IQがいくら高くても忍耐のない人間に知識を蓄積させることは難しいですし、知識のない人間には大抵何も出来ません。知能労働は特に
アイザック・ニュートンの巨人の肩の上という話もありますが、人類の積み重ねられた歴史の中で何かをするのであれば、積み重なったそれを学ぶことが何よりも重要なのは事実に思います。
プログラマーを志したとして、githubに転がるコードをひたすら眺めてどういうことをしたいのかゼロ知識から理解していく。なんてことをするより普通に本やら動画やらで基本から学んだほうが間違いなく早いです。

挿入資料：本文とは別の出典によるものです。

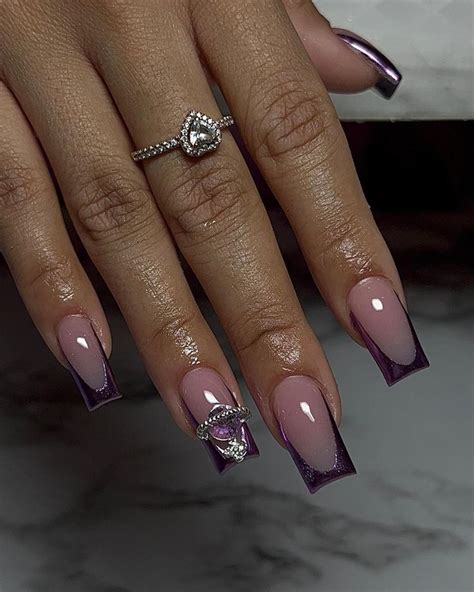 60 Top Nail Art Youll Want To Try In 2023 Colored Acrylic Nails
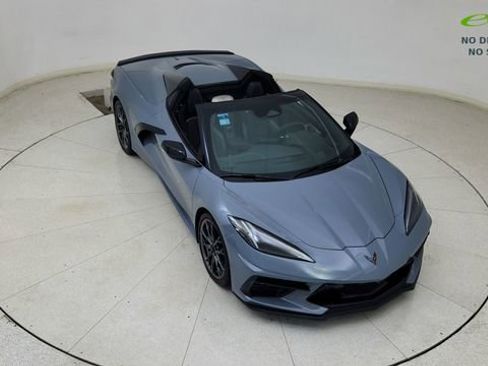 Used 2024 Chevrolet Corvette Stingray Premium Conv w/ 3LT RWD image 72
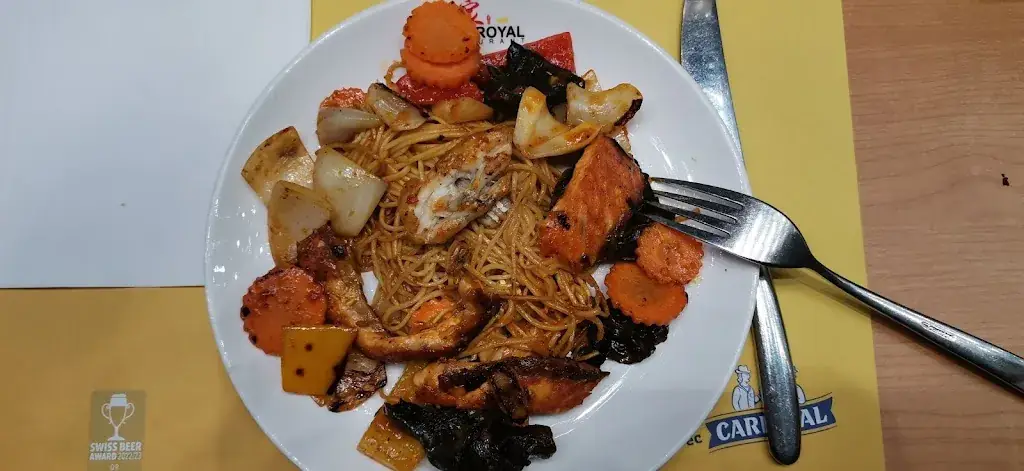 Dejan Janošević_Restaurant Wok Royal Villeneuve_Villeneuve_review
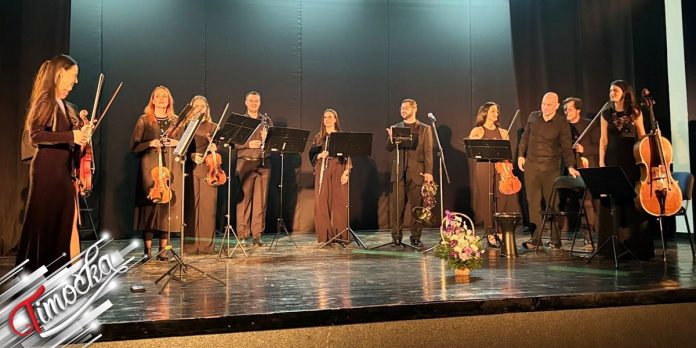 „Калеидоскоп српске музике” одушевио публику у Дому културе у Котлујевцу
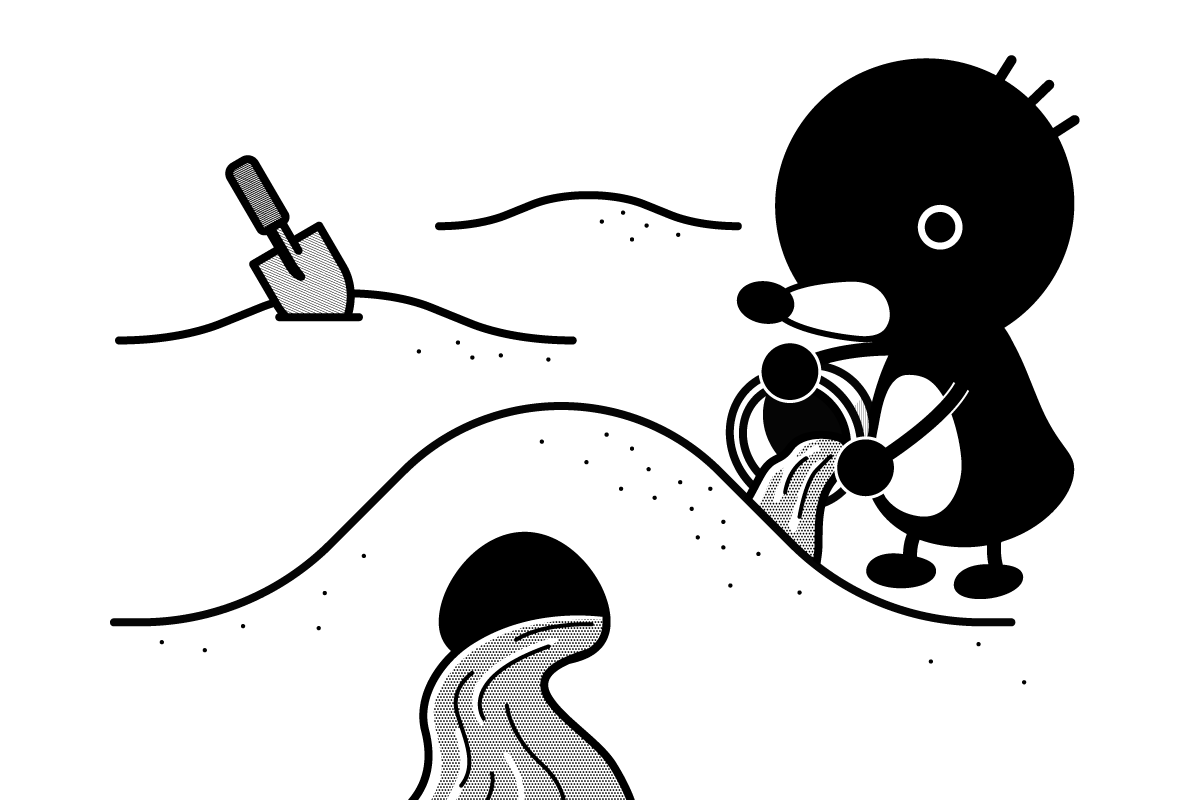 トンネル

そしてそのためには勉強が嫌いであろうと理性で耐えて学べる人間じゃなければいけません。
これは主観ですが、みんなが等しく経験の薄い時期である幼少期ほど高IQ者は高い成績を出しますし、それに対して親や周りは天才だともてはやしてしまいがちです。
その結果は高IQ者を天狗にしますし、努力嫌いにしがちです。
年月が経つにつれ、前提とする知識が増えるほどに成績が低迷し、「十で神童 十五で才子 二十過ぎれば只の人」を体現しちゃいがちなように思います。
高IQ者の未経験分野への対応速度は確かに凄いように思います。ですが現実は事前準備がものをいうところがあって、どれだけ忍耐強くストレスのたまるようなことをできるかが重要になっていたりします。
高IQ者でなおかつ社会の求めることと自分の好きなことが合致した人間はどこまでも走り抜けてしまいますが、そうでなければ二十歳すぎた頃には大抵ただの人です。
そういう意味でギフテッド教育がそんなにうまくいくようなものには思えないなーとか。どちらかというと高IQ者の好きなことと社会的に意義のあることでマッチするものがないか探すマッチング作業とかしてたほうが有意義なんじゃないですかね。しらんけど
あとはIQが高くて、更に忍耐強い子供を探すとか。
忍耐強さはニアイコールで計画的行動力だと思っているので、この両方を兼ね備えているというのはある種の奇跡のような気もしますが。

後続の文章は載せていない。